Когда железные всё же подобрались к дому, и первый молот уже навис над хрупкими резными дверками бывшего увеселительного заведения, то опуститься на них так и не смог. Его затормозила огромная волосатая лапа, спустившаяся сверху, и орк увидел перед собой только налитые ненавистью большие чёрные глаза. Его подняло в воздух и что есть силы садануло об стену, как тряпичную куклу. Дальше вниз по доскам потекла только чёрная кровь вперемешку с белыми костями.
Затем Вальдман спрыгнул вниз, подмяв под себя ещё несколько смельчаков, и принялся истреблять мордоворотов, одного за другим. С верхних окон полетели стёкла, зеркала и мебель, даже один отличный ореховый шкаф. Из него, к слову, выскочил тот самый озлобленный гном в меховой шапке, что встречал когда-то Вальдмана в донжоне.
Сейчас он, запрыгнув на одного из высоких орков, без устали махал лёгкими топориками. Крепко удерживаясь ногами на мускулистой шее, гном вскрывал все ярёмные вены, до которых только мог дотянуться и никак не позволял себя сбросить. Сейчас его оскалом можно было колоть орехи.
Второй бордель тоже начали штурмовать, и даже выломали дверь, но на пути орков встали алебарды. Арбалетчики и лучники истребляли тварей в холе, мушкетёры давали зал за залпом из верхних окон, а пикинёры копались в орочьих потрохах. И все они непрестанно орали от нахлынувшего на них адреналина.
Люди действовали в едином порыве и истребляли орков с большим удовольствием. Чувство самосохранения сейчас заменяло собой всеподавляюще желание мести. Солдаты кололи, рубили, грызли зубами, посылали стрелу за стрелой в поганую зелёную реку. Двое из оставшихся гномов с налитыми кровью глазами прямо на полу борделя душили орка собственными бородами.
Казалось, дома разлетятся в щепки, дождь размоет гору и смоет город, а люди будут стоять вечно, и Каценберг будет жить. Бронированные, высокие, низкие – все орки смешались в одну массу, их порыв остывал в холодном ливне. И даже лучшие из лучших сейчас дрогнули и остановились.
Но какой ценой…
***
Шёл дождь, городские дома истекали кровью.
После двух долгих часов яростной обороны, горстка защитников порешила между собой, что, даже если они хоть как-то и выстоят при следующей волне, стены её не выдержат никак. Потому отступать в донжон казалось верным решением, хотя бы потому, что там остались кое-какие запасы пороха.
Примерно та же мысль пришла в голову и соседям, в несколько знаков они обозначили свои намеренья, получили согласие от парламентёров и тихо открыли дверь чёрного хода. Долго договариваться не пришлось, выходили по одному, молча.

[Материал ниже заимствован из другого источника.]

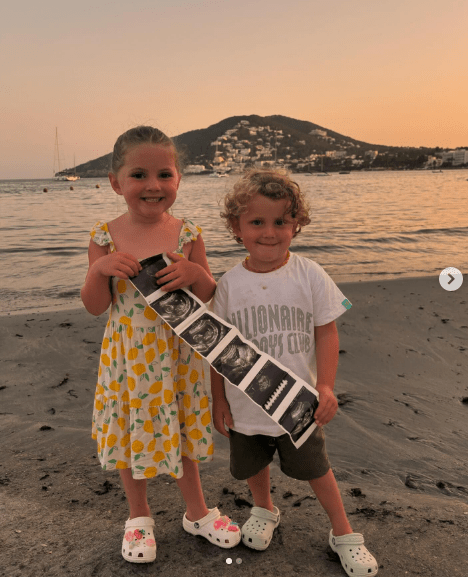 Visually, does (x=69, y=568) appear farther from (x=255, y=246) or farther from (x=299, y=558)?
(x=255, y=246)

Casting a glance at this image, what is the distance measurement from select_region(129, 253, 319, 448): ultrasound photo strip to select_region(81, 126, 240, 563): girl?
0.06m

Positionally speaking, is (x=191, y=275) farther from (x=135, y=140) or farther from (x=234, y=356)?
(x=135, y=140)

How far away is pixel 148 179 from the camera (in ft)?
6.53

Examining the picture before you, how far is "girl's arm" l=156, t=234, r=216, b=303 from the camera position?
1.93 meters

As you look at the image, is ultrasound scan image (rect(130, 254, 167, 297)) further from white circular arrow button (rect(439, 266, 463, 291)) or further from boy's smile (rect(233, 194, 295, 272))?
white circular arrow button (rect(439, 266, 463, 291))

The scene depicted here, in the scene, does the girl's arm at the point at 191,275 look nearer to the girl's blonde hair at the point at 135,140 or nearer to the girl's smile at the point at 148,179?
the girl's smile at the point at 148,179

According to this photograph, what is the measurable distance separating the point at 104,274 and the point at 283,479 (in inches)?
65.4

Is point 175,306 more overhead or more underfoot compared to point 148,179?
more underfoot

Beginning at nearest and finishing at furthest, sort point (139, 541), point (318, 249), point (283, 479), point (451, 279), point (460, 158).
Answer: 1. point (139, 541)
2. point (283, 479)
3. point (451, 279)
4. point (318, 249)
5. point (460, 158)

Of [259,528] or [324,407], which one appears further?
[259,528]

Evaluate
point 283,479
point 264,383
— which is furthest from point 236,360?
point 283,479

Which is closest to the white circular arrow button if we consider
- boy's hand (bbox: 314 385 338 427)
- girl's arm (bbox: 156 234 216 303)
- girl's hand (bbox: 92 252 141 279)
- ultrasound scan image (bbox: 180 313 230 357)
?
boy's hand (bbox: 314 385 338 427)

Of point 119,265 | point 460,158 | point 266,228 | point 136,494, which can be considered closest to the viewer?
point 119,265

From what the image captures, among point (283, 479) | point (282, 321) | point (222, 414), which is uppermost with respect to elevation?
point (282, 321)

Пока солдаты готовили позиции для прикрытия, стрелок поднялся наверх, чтобы забрать с собой Даэвина. Он рассчитывал, что эльф ещё не очнулся и лежит, как побитая собака на одной из коек, но это было не так. Они с Вальдманом встретились, когда Даэвин с трудом спускался вниз по лестнице, удерживая рукой сломанные рёбра. Так он упал со ступеньки Вальдману на плечо, снова без сознания.

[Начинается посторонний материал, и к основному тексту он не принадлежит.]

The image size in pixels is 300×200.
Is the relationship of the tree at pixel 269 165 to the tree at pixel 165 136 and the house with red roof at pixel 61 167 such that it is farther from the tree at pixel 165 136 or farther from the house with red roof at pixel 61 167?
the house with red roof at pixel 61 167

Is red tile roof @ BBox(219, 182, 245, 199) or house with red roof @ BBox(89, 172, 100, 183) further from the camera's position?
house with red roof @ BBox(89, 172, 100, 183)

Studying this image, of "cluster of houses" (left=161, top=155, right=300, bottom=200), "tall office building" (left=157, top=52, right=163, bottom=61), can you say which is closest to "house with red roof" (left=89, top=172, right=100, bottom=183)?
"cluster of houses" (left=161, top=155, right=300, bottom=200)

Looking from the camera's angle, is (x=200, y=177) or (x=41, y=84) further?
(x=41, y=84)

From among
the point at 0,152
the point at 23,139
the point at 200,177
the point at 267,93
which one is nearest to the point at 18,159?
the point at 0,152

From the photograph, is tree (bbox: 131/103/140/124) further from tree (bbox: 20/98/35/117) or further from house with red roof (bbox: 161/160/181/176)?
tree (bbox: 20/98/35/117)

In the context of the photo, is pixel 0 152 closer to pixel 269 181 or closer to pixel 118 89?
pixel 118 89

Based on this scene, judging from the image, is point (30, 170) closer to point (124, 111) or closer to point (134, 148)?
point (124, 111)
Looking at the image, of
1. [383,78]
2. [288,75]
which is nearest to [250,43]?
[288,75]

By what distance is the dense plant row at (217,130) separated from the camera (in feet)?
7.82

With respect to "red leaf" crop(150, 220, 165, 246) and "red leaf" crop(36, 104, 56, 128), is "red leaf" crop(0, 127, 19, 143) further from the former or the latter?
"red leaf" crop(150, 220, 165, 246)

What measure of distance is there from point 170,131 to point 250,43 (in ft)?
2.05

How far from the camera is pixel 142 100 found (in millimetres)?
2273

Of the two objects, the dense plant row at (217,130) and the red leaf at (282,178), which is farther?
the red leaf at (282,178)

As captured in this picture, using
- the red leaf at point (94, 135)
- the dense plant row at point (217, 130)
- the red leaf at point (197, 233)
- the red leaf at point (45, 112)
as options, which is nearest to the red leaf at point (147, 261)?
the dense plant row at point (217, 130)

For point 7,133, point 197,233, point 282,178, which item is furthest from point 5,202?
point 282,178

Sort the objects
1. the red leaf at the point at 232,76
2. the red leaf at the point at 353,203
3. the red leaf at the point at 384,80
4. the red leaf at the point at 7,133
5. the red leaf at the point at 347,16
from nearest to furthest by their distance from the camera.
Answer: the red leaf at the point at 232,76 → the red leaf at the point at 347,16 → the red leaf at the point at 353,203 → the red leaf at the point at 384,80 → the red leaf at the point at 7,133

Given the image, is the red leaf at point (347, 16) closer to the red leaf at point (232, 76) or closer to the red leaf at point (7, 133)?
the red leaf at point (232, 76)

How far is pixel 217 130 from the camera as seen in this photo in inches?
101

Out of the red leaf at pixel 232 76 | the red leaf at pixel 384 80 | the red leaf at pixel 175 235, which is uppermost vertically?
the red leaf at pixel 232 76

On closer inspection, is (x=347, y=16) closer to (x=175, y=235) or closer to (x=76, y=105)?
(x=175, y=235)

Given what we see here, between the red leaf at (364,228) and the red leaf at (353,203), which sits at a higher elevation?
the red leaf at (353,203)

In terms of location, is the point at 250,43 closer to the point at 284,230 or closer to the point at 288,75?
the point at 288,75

Выглядел эльф при этом неважно.
На лестничном пролёте оказался мушкетёр, он как раз проверял этажи, и сейчас натолкнулся на Вальдмана и Даэвина. Оглядевшись, он спросил:
– Чё тут?
– Давай помоги, – на ходу бросил Вальдман.

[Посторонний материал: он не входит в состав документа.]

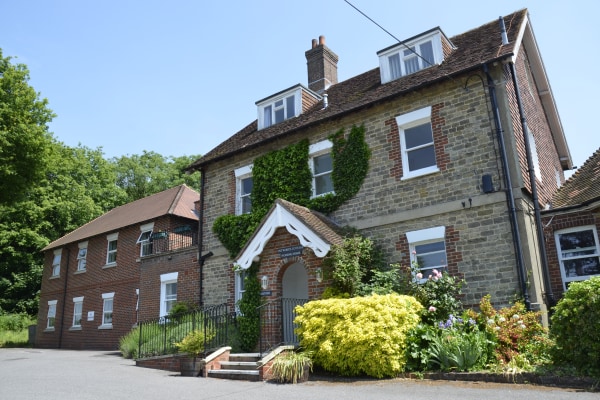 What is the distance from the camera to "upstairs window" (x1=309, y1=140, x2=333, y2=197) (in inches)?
583

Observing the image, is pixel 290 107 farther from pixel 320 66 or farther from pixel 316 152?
pixel 316 152

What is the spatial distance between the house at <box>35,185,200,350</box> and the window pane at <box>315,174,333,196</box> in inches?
237

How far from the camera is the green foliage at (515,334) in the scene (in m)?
8.90

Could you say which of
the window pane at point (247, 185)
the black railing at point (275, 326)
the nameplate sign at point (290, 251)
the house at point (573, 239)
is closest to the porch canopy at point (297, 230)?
the nameplate sign at point (290, 251)

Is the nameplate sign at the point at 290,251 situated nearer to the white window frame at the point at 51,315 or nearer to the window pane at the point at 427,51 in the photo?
the window pane at the point at 427,51

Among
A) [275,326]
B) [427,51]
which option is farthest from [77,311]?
[427,51]

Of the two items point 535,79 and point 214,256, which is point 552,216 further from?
point 214,256

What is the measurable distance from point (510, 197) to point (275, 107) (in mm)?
9888

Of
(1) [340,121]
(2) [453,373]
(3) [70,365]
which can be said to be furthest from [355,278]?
(3) [70,365]

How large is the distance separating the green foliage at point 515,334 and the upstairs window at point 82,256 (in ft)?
78.9

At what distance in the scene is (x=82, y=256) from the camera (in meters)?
28.1

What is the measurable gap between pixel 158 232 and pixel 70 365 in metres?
9.00

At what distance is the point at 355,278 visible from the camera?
11555 millimetres

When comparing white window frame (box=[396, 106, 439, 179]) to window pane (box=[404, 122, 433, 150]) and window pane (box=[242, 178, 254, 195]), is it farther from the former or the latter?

Он взвалил эльф солдату на плечо и помог поднять, оказалось, что Даэвин был тяжелее, чем выглядел. Через несколько минут они уже выбрались наружу, первое, что им открылось – несколько затаившихся за баррикадами арбалетчиков и остатки драгун, выносящие раненых. Рядом с троицей двигала ещё одна группа, они выходили из здания последними.
Когда орки двинулись на штурм, бордель уже практически пустовал. По улицам вновь пошёл бронированный строй, тогда мушкетёры без промедления дали залп, затем – ещё один. Это отчасти смазало атаку, но из соседнего дома ещё не все успели отступить. Раненые, опираясь на здоровых, быстро уходили по улицам некоторые отстреливались. Из вымокших насквозь сползающих бинтов на мостовую стекала кровь, дождь всё не прекращался.